Most decisions are made within the first 30 seconds of reading your application. As a result there is one mistake that you can never make. We call it the dreaded Blank, and if you make it, your chances of getting an interview could vanish within the blink of an eye. What is the dreaded Blank? Simple. It is when you don’t answer a question on the application. In other words, leaving the answer to a question blank. Obviously, some questions are more important than others. However, you have no idea which questions are important to an employer so why take that chance?
But why is leaving the answer blank so problematic, especially in overseas recruiting? It has to do with a unique problem faced by employers hiring overseas candidates called the challenge of competency. In a local hiring situation there are standard ways to make sure you are capable of doing your job. Employers can check on references and candidates can demonstrate their skills during probationary periods that offer the employer a chance to walk away if the employee is incapable of doing the job.
The situation is quite different in an overseas application. An employer can check on your references, but there is much less trust that the person on the other end of the line is validation for your competency. The system of job references is built on the exchange of reputation for certainty. Your reference loses reputation if you are not who you say you are.

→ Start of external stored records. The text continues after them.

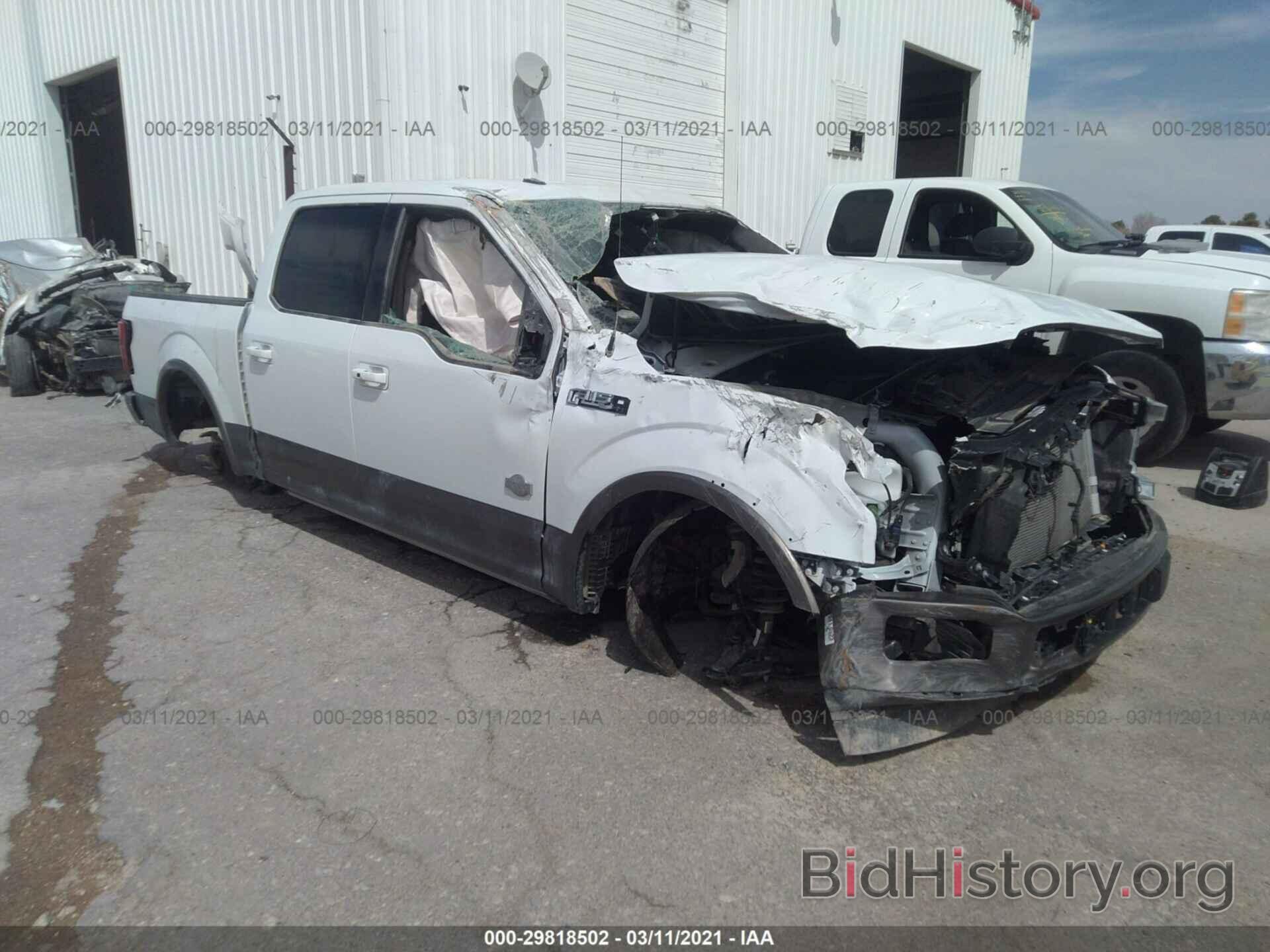 Photo 1FTEW1C40LFB35778 - FORD F-150 2020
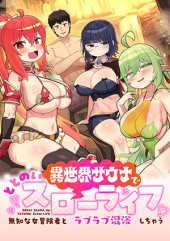 ISEKAI SAUNA DE TOTONOI SLOW LIFE MUCHI NA ONNA BOUKENSHA TO LOVELOVE KONYOKU SHICHAU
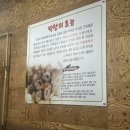 우림막창 이미지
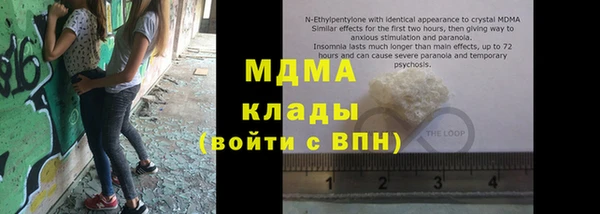 гидропоника Куйбышев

Unfortunately, this exchange does not work so well in overseas recruiting as the international employer knows that they really cannot affect the reputation of someone overseas that has misrepresented information.
Additionally, there is simply a lot more effort involved in interviewing, as well as risk in hiring, an international candidate. In helping you to immigrate overseas, you and the employer are very much tied together from a logistic and public perception point of view. If the international employer hires overseas individuals that are not competent, they look bad in front of their directors, employees as well as the local community. This ultimately makes it exponentially harder to hire another candidate from overseas.

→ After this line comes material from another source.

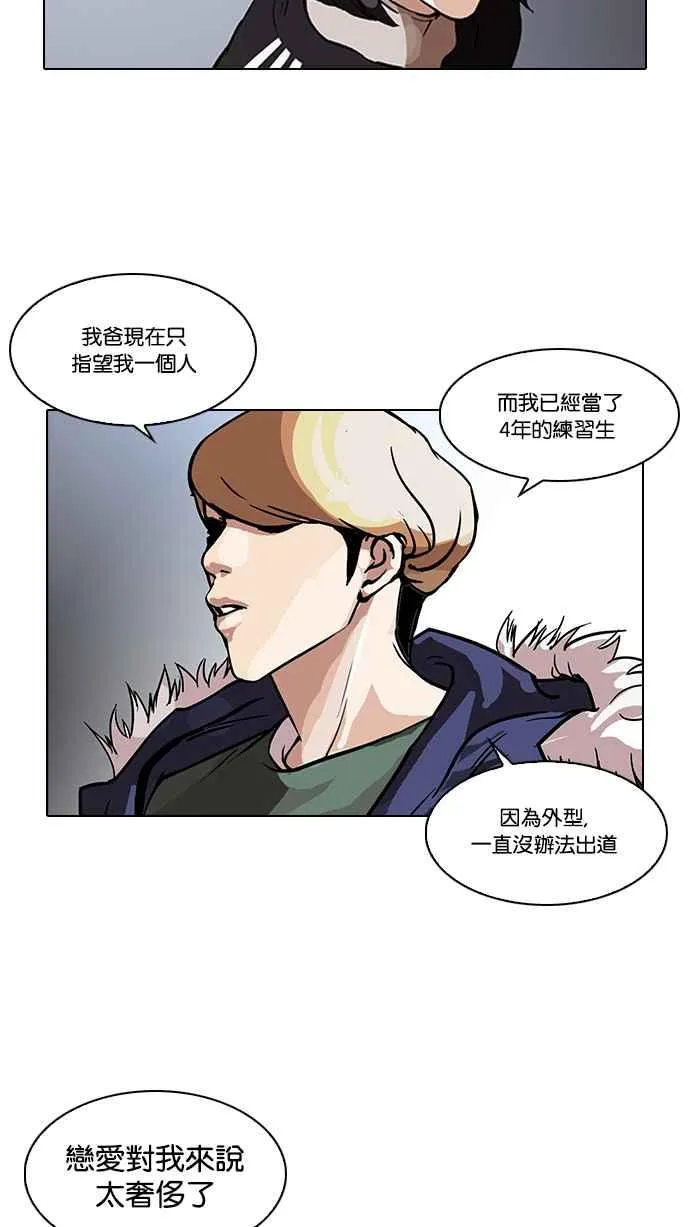 [第100话] PTJ娱乐有限公司 (5) 第18页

That is the challenge of competency. The result is that international employers look for proxies, or substitute methods, to filter out candidates that they suspect are not competent, and the dreaded Blank has become a very influential proxy.
Look at the situation from two different perspectives. In general, not answering a question is a quick way for an overseas employer to assess your general competency. If you can’t answer a simple question then you cannot follow directions. More specifically, certain questions provide you with an opportunity to provide inside information about your job that only someone who actually does the job would know.
For example, at Uniivaa we try to make it easy for candidates to demonstrate competency by asking them the question, what is a problem that you recently had to solve at work and how did you solve it? So, here is a real story. The other day there were two very young engineering students using inappropriate language in the lobby of a local and very expensive five star hotel.
Instead of asking them to lower their voices, I decided to see engage them in conversation. In fact, one of the engineering students claimed to be doing some incredible things in the Potash refinery in Saskatchewan, and I wanted to see if he actually was who he said he was. So I asked him our question about a recent problem at work.
His answer was that he was an intern student engineer at the refinery but that the other engineers had all been recently hired away. Since it is very difficult to quickly find engineers to work in Saskatchewan, the company was giving him responsibility that he really was not ready for and he was stressed out. He was about to quit, but the company offered to send him on this trip to Toronto, which is the only reason he could afford to stay at such an expensive hotel.
That answer made me believe he actually was an engineer working in a Potash refinery in Saskatchewan. Imagine if his answer to my question was the dreaded Blank. Now think about what happens when your answer is the dreaded Blank.
If you want a job overseas, don’t be the dreaded Blank.